By Fiona Mullen
Efforts to solve the Cyprus problem are dying fast. In an interview with Kibris on Monday, the UN Special Advisor, Espen Barth Eide said something that should wake everyone up on this island.
Translated back from the Turkish, he said: “If the process fails, I have the feeling that it will not be possible to expect the UN to come again after a couple of years when things improve and give it another try. I don’t know. This is why I am worried. I would be more worried if I were living here. I hope I am wrong but I have to say that I am worried it will not be a smooth exit.”
This is diplo-speak for: “If you don’t come back to the table, don’t expect the UN to try again”.

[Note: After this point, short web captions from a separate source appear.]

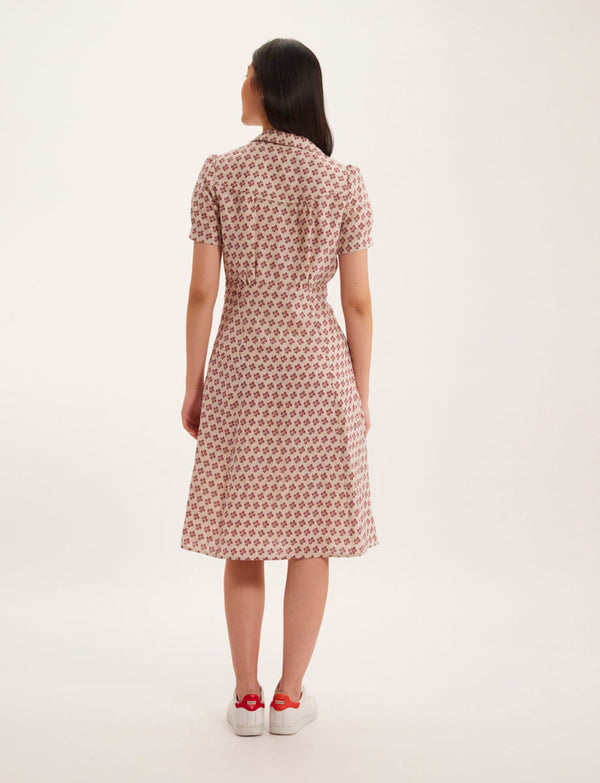 Ines De La Fressange Robe Angèle En Lin Imprimé Indien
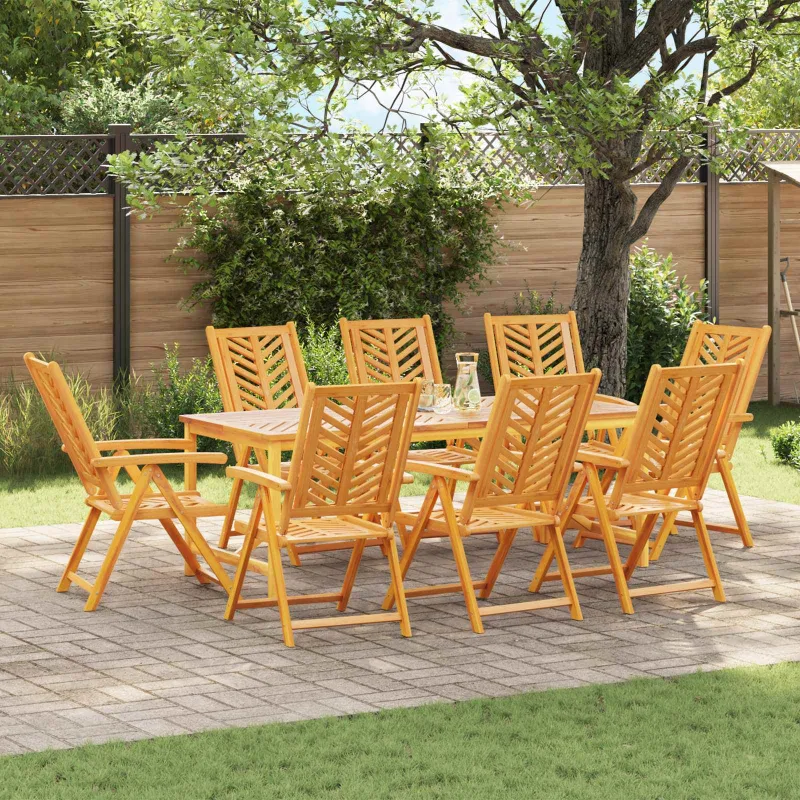 Sodo Kėdė 8 pcs Ruda 57 x 72 x 109 cm Kietos akacijos mediena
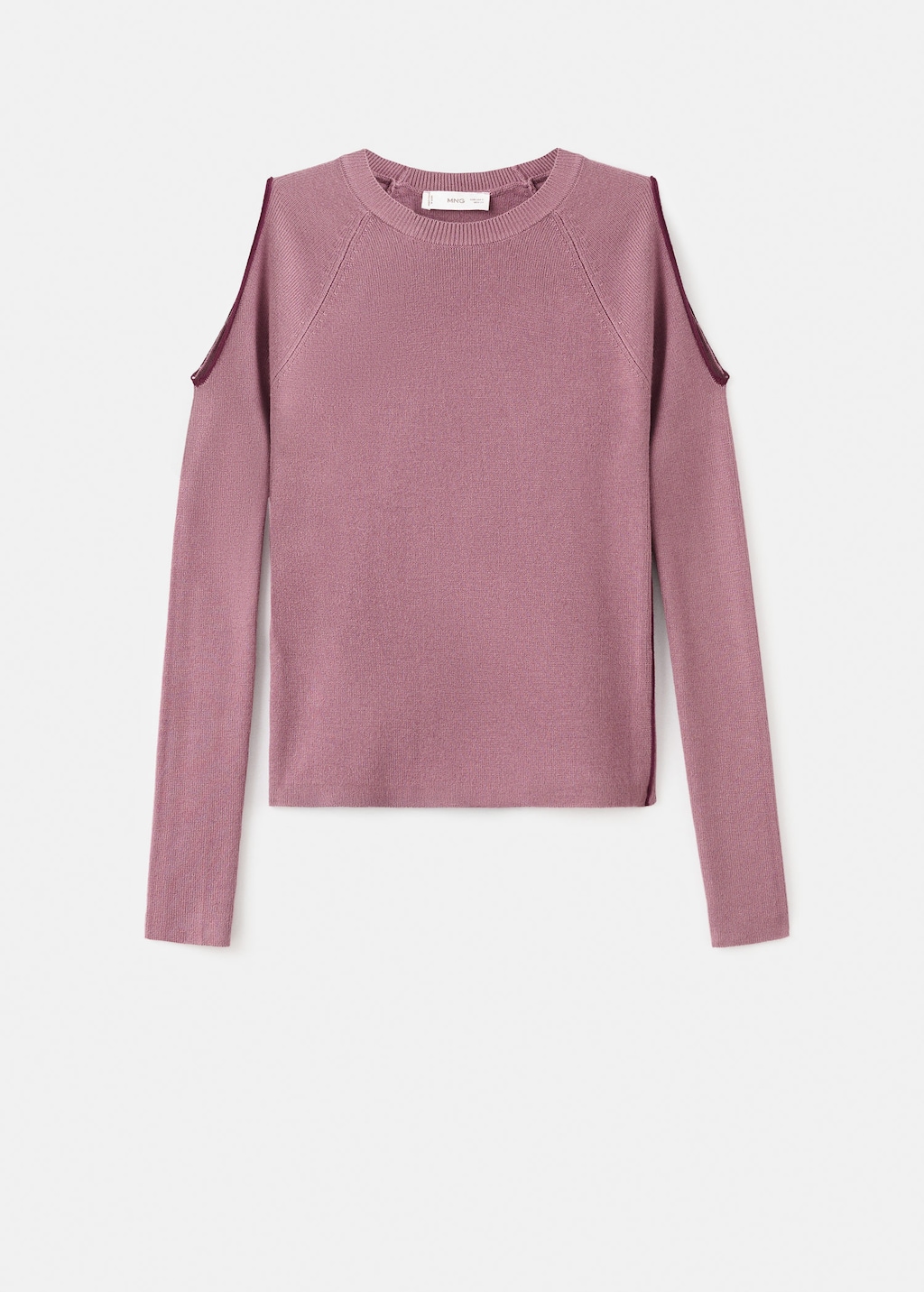 Mango Teen Knitted Sweater With Cut-out Light Pink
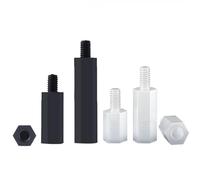 Zixinz-Socket Cap Screws M2 M2.5 M3 M4*L+6mmThread White Spacing Screw Plastic For PCB Motherboard Fixed Nylon Standoff Spacer Pillar 50Pcs， Corrosion-resistance(8mm,M3 (50pcs))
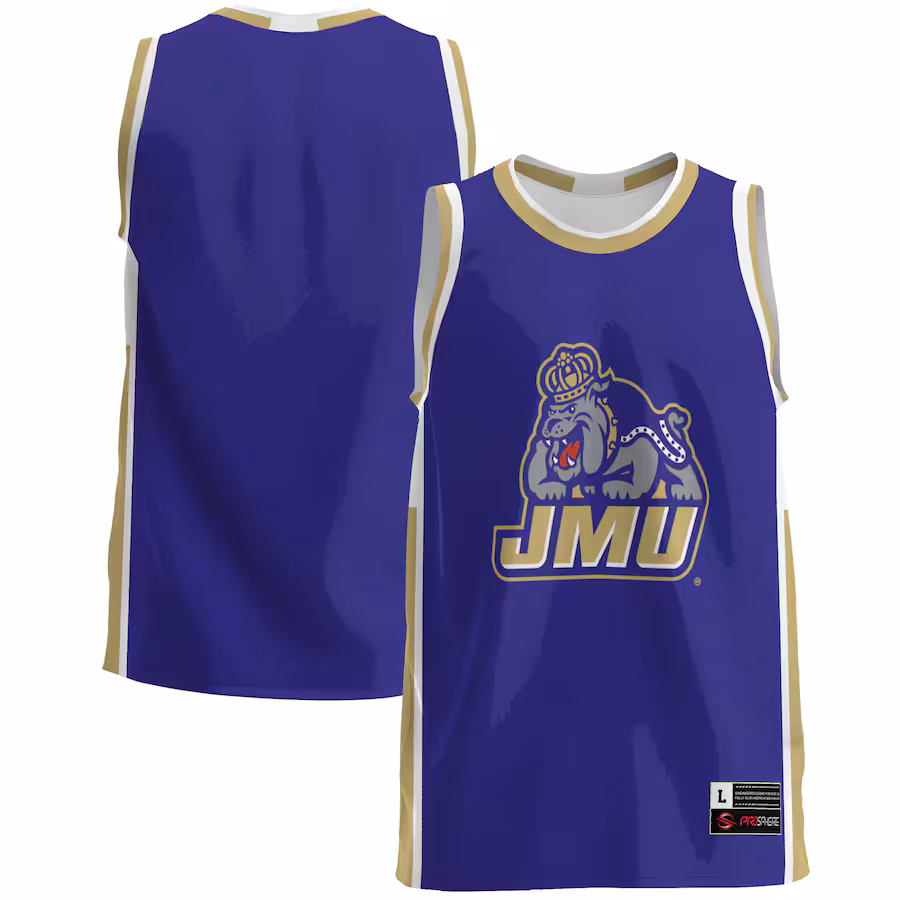 Men's GameDay Greats  Purple James Madison Dukes  Lightweight Basketball Jersey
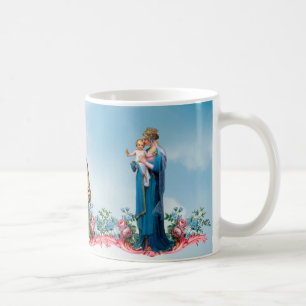 Caneca De Café Santo católico Joseph Therese Virgem Maria Vintag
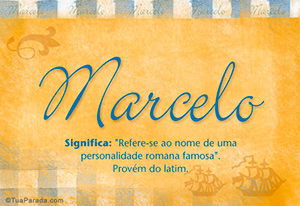 Significado do nome Marcelo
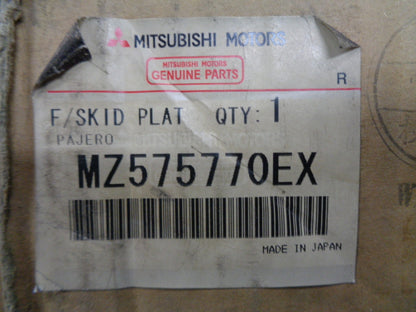 Mitsubishi Pajero Genuine Alloy Skid Plate New Part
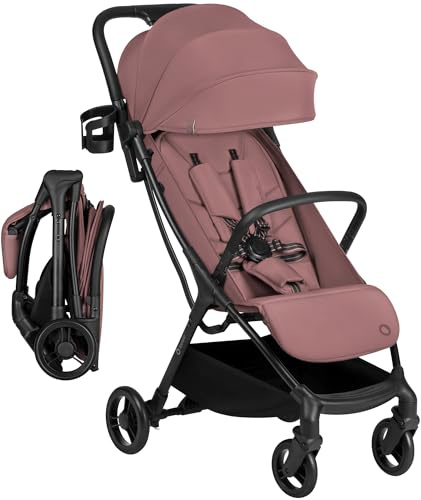Lionelo AGIA Passeggino Compatto e Leggero fino a 22 kg / 4 anni Pieghevole con una Mano, Posizione Distesa, Seduta Ampia, Pannello di ventilazione, Ammortizzazione, Grande Cestello Regolazione Facile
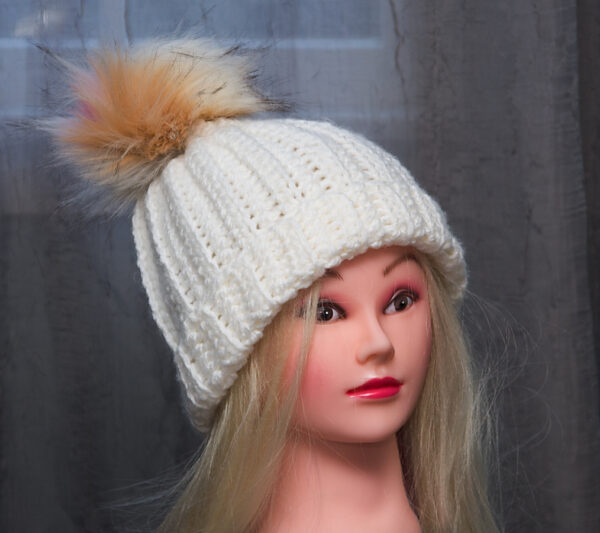 Slouchy Beanie Hat, Crocheted Slouchy Hat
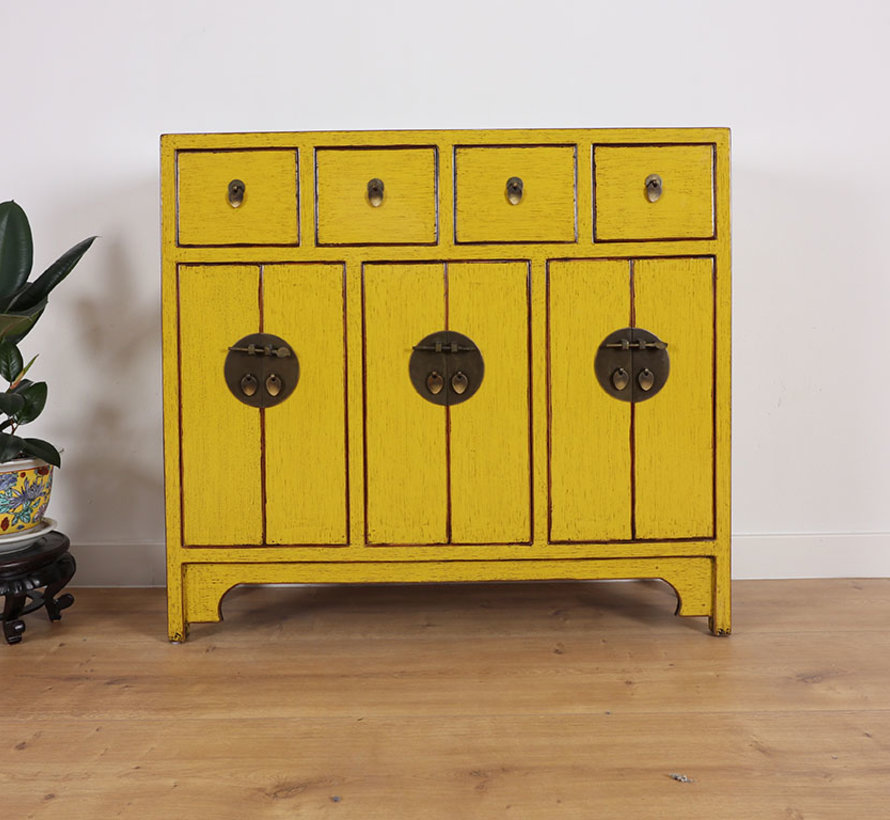 Chest Of Drawers 6 Doors 4 Drawers Yellow Yajutang Mobel Gmbh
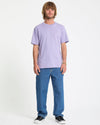 Volcom Stone Blanks Tee Shirt - Purple Ash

Why might that be so? First, US President Donald Trump’s scepticism about international engagement. The US funds 22% of the UN and I hear that UN agencies are preparing for at least 20% cuts across the board. A bean-counter nowhere near Cyprus will have to decide whether to put resources into getting food into in famine-stricken South Sudan and Somalia, or paying for fruits served at endless meetings in Cyprus.
Even the UNFICYP peacekeeping force should not be taken for granted. While Cyprus and Greece together fund 45% of UNFICYP (but not the Good Offices), it takes only one veto from one permanent member of the Security Council to end the 52-year operation immediately. In the old days, that used to be unthinkable. Today, nothing is unthinkable in international politics.
The second possible reason is Norwegian politics. According to unconfirmed rumours, Eide, a former foreign and defence minister, could be tempted to go back to politics after the election in September. That could be the moment when the UN Secretary-General, Antonio Guterres, who has been described as “no pushover”, calls it a day.
Both TCs and GCs will be hit
The withdrawal of the Good Offices will be diplomatically uncomfortable for Greek Cypriots but it will hit Turkish Cypriots the hardest. It is only in the context of the negotiations and under UN auspices that Turkish Cypriots have access to the outside world. Even the EU’s financial aid programme, over which the Republic of Cyprus has a veto, is on condition that it is with a view to reunification.
The collapse of negotiations will hit Greek Cypriots through natural gas. Right now, the Republic of Cyprus (unlike Israel) has no binding export agreements, thanks largely to low volumes.
Let’s say much more gas is found quickly and Cyprus is finally ready for production in about five years’ time. Turkey has never made explicit exactly what it will do. But we know that it has said: “Turkey will continue to support the Turkish Cypriot side’s activities to protect their equal and inherent rights over the natural resources around the Island.” More recently, Turkey’s foreign minister, Mevlut Cavusoglu, said: “It is not possible for Turkey to stand still while the Greek Cypriots continue their unilateral activities without taking Turkish Cypriots’ legitimate rights and interests into account.”
We also know that Turkey’s economy is heading for trouble and that US leverage over the country is weakening.
Just imagine what the Turkish leadership might do to deflect attention from a weak lira, high inflation and a restive population at home.